Like my trek downtown to get the double White Album, I did the same for Two Virgins. I called Capitol Records and found out the delivery date, and I called that same day to find out when the truck was leaving for Sam’s. There I was again, within a week, in the alley watching the truck pull up and unload the box. I knew that John and Yoko were naked on the cover. I knew that the album featured their all-night recording session, which had culminated in their making love for the first time at dawn. The box was carried into the store and put on the floor. It was opened with the usual sight of me peering over the shoulder of one of Sam’s employee. I saw the cover for the first time. WOW! I got the first album and raced to the cash register, too excited and distracted to be bothered by the sound of the police confiscating the rest of the albums.

The back cover of a rare copy of the Two Virgins album. I was one of the first in North America to buy this album before it was confiscated by the police at customs. It surprised John that I had it.


Immediately upon its release, controversy ensued. Capitol Records and EMI would not distribute it. Instead, John managed to get a small label in the States, Tetragrammaton Records, to sign on. Labeled pornographic throughout the UK and North America, police and customs authorities were grabbing copies as soon as they arrived. I managed to get one of the first copies before they were taken off the market. Sometime later, the two virgins were covered in brown paper with only their faces showing through a cutout.

I now had two major releases to be enthralled with and they were as divergent as could be. Two Virgins made clear to me what was going on with John and Yoko. It was a romp of experimentation, fun, tenderness, and insanity. Everyone I knew hated it. Not me. It did not take long for this album too to get dirty. In fact it was easier because the cover was absorbent white paper whereas the double White Album was glossy. I walked around with—and played—this album constantly.
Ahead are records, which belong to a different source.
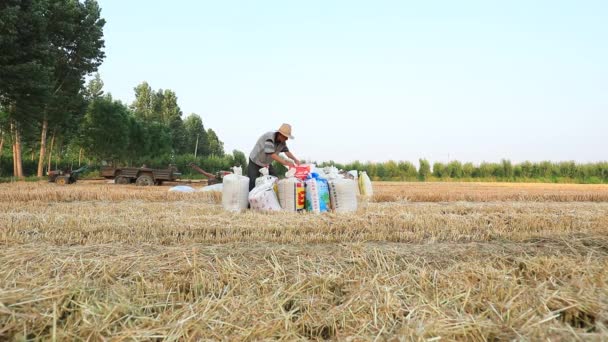 Luannan 카운티 허베이성 2020 농부들은 현장에서 자루에 넣습니다 — 비디오
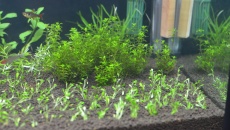 Akwarium 200l. Pomocy!
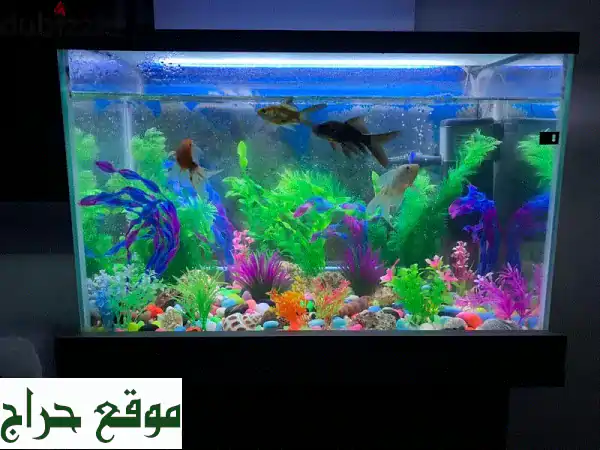 حوض أسماك فاخر مع رف خشبي أنيق - ابتسم مع عالمك...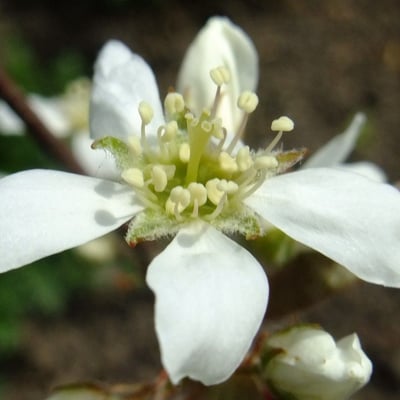 Amelanchier arborea — flower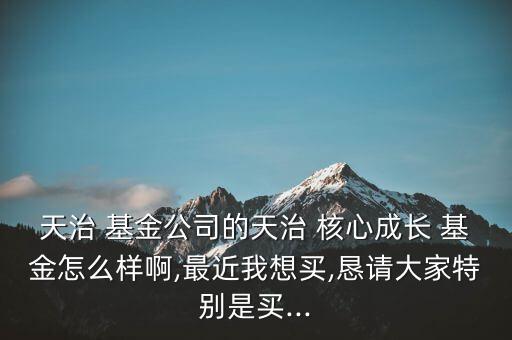 天治 基金公司的天治 核心成長 基金怎么樣啊,最近我想買,懇請大家特別是買...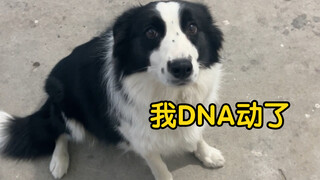 When Border Collie meets a group of chickens, its herding DNA is instantly awakened!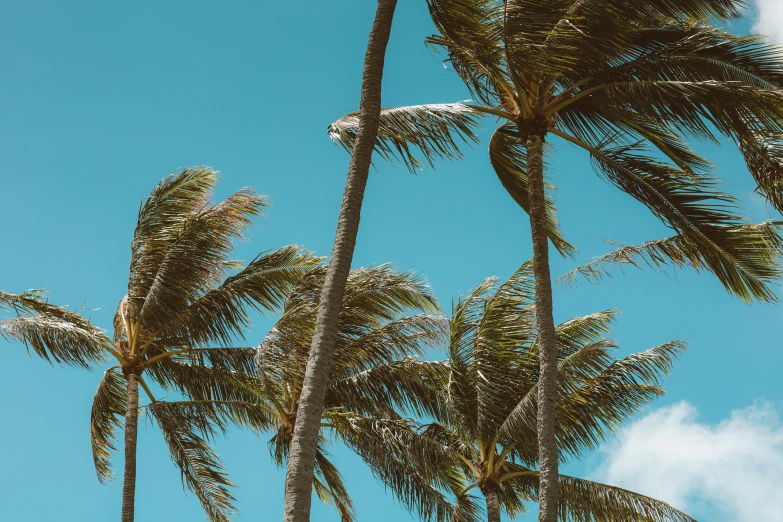 palm trees blowing in the wind against a blue sky, pexels contest winner, 🦩🪐🐞👩🏻🦳, thumbnail, hawaii beach, lot of trees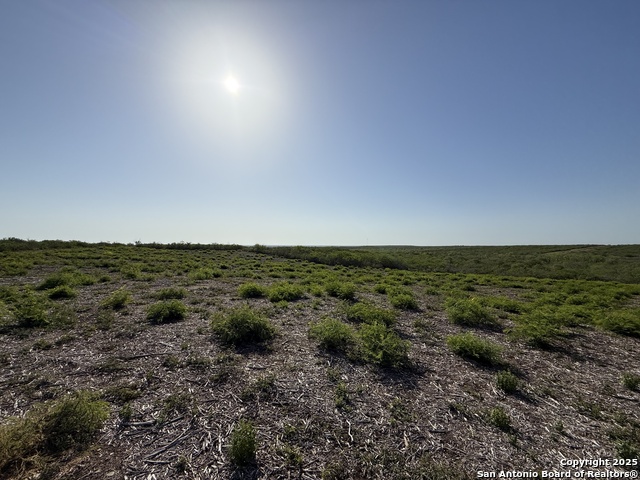 TRACT 34 Cr1515, Moore, Texas image 3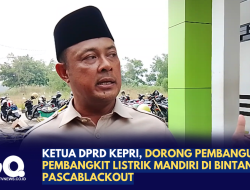 Ketua DPRD Kepri Dorong Pembangunan Pembangkit Listrik Mandiri di Bintan Pascablackout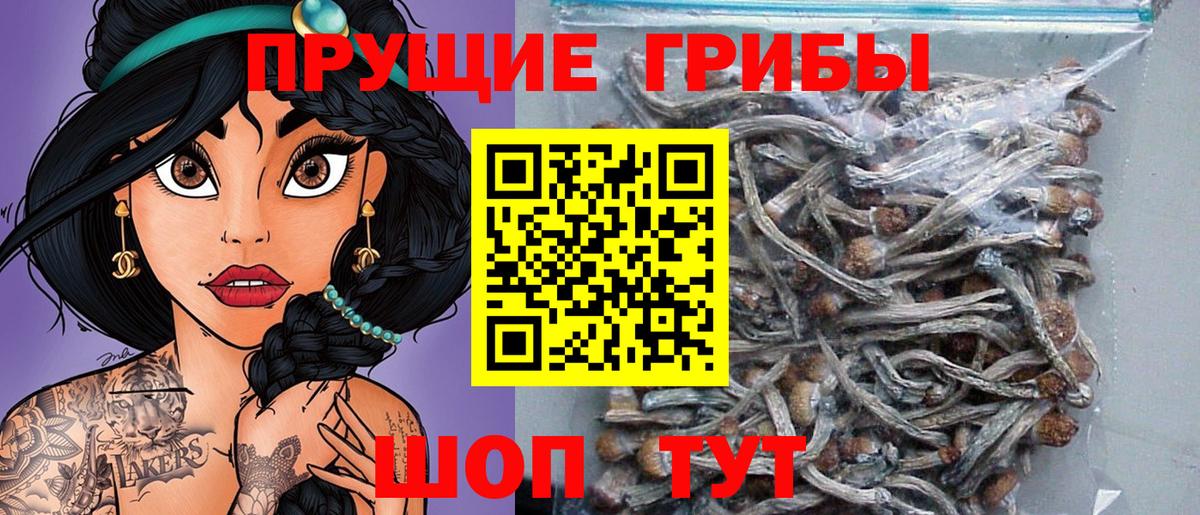 Псилоцибиновые грибы Psilocybine cubensis Шебекино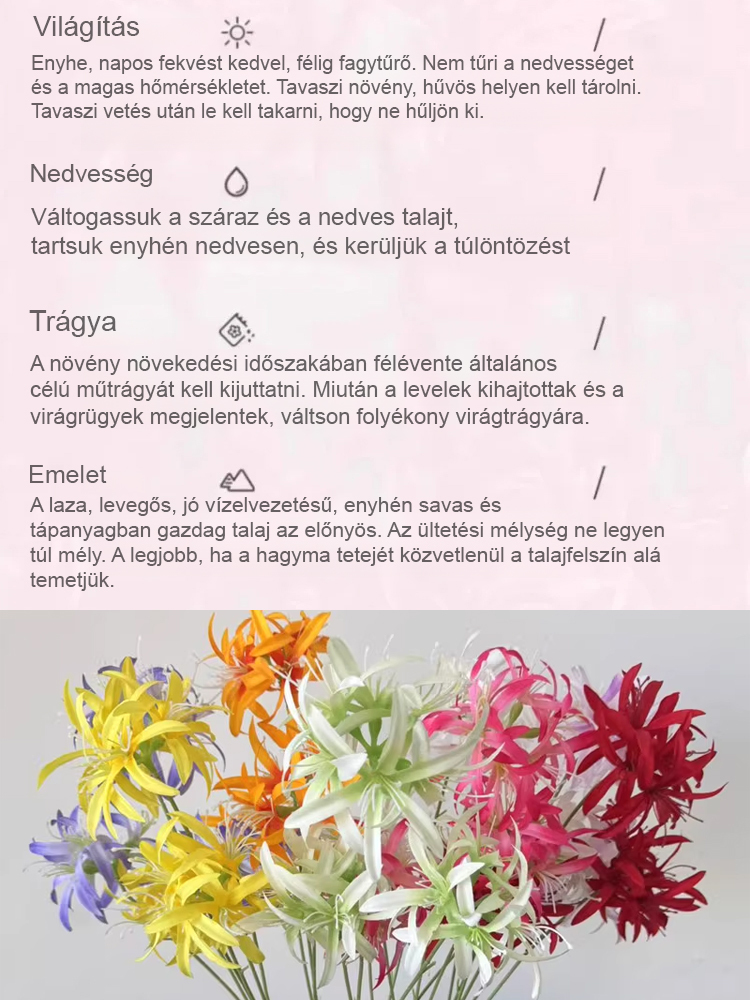 Egész évben virágzó, fagy- és hőálló Lycoris hagyma "Emlékek virága"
I lost myself in the music the way I lost myself in many of the heroes I idolized at the time, who included great actors like Richard Burton, Peter Sellers, Peter O’Toole, and Marlon Brando. Each of my heroes projected strong and daring personas that I tried to emulate. But there were three specifically that I worshipped above all others. Canadian prime minister Pierre Trudeau was brilliant, principled, and contrary. He showed young people the different cultures of the world and the promise each of us had to fulfill. Jerry Lewis was the opposite: outlandish, desperate, and gutsy. But of course, no one could touch the Beatles, and especially John.
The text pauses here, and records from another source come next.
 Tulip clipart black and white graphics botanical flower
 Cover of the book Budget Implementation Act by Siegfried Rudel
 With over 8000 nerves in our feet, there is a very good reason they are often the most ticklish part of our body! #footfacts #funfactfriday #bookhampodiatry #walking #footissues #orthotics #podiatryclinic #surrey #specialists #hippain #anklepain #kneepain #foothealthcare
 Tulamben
In the late summer of 1968, I was watching a promo for the upcoming Jerry Lewis Muscular Dystrophy Telethon. So captivated was I by that in-your-face funny man that my parents sometimes had to stop me from watching television because I would get an asthma attack from laughing so hard. The telethon was coming up that Labor Day. I had a brainstorm. I called New York City information and asked for the Americana Hotel where the show was broadcast from in those days. I asked for the Muscular Dystrophy Association’s pressroom. I was instantly connected, and amidst the sound of typing and talking, a man with a thick accent answered, “Moose Delgado here.” I put on my deepest voice and said, “Hi. I’m from Canadian News and want to cover the telethon for Canada.” “What’s your name?” he asked abruptly. “There’ll be a press pass for you at the front desk.”

I booked a flight with American Airlines with the money I had saved, and on the afternoon of the telethon I matter-of-factly told my parents that I was going to New York to see Jerry Lewis. A taxi pulled into our driveway and beeped.